# When do you go through customs



## Ann-Marie (Jun 9, 2018)

We are going to Tobago in January.  We are flying from Miami to Trinidad on AA and then Trinidad to Tobago on Caribbean Airlines.  I am trying to figure out how much time we need between flights going and returning.  I know we will have to get our luggage in Trinidad and then get to the next airline, but I  want to add in time for customs.  How long should we give ourselves between flights?  Thanks


----------



## Talent312 (Jun 11, 2018)

Trinidad & Tobago is one country, so immigration/customs is in Trinidad.
IDK how many here would have experience with Trinidad customs.
IME with other Caribbean islands, that could take about 30 minutes.
It may be less, but being cautious, I'd allow 90 minutes between flights.
-- 20 min. to collect luggage
-- 30 min. for immigration/customs
-- 20 min. to recheck luggage
-- 20 min. for boarding

BTW, don't bring anything with camouflage with you.
See: http://www.customs.gov.tt/news-and-advisories/customs-travel-tips

.


----------



## Ann-Marie (Jun 11, 2018)

Thanks.  I read about camouflage!


----------



## dioxide45 (Jun 11, 2018)

Be very careful in Tinidad & Tobago. Crime, and crime against tourists, is a real problem there.

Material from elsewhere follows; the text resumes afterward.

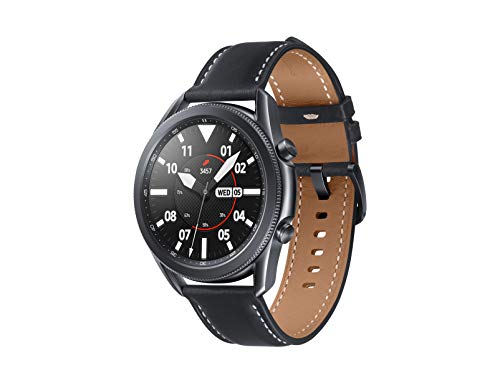 Samsung Galaxy Watch 3 (LTE) 45mm - Smartwatch Mystic Black [Spanish Version] von Samsung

I was watching a vlogger last night of someone from Trinidad & Tobago and commented on her video about the island. She commented back to read up on crime there before making any travel plans.


----------



## TravelTime (Jun 11, 2018)

dioxide45 said:


> Be very careful in Tinidad & Tobago. Crime, and crime against tourists, is a real problem there. I was watching a vlogger last night of someone from Trinidad & Tobago and commented on her video about the island. She commented back to read up on crime there before making any travel plans.



I have been accused of sensationalizing the real crime rate in Mexico. And now a Tugger is warning about crime in Trinidad and Tobago. If we tell everyone to read up on crime before traveling, no one will go anywhere.


----------



## dioxide45 (Jun 11, 2018)

TravelTime said:


> I have been accused of sensationalizing the real crime rate in Mexico. And now a Tugger is warning about crime in Trinidad and Tobago. If we tell everyone to read up on crime before traveling, no one will go anywhere.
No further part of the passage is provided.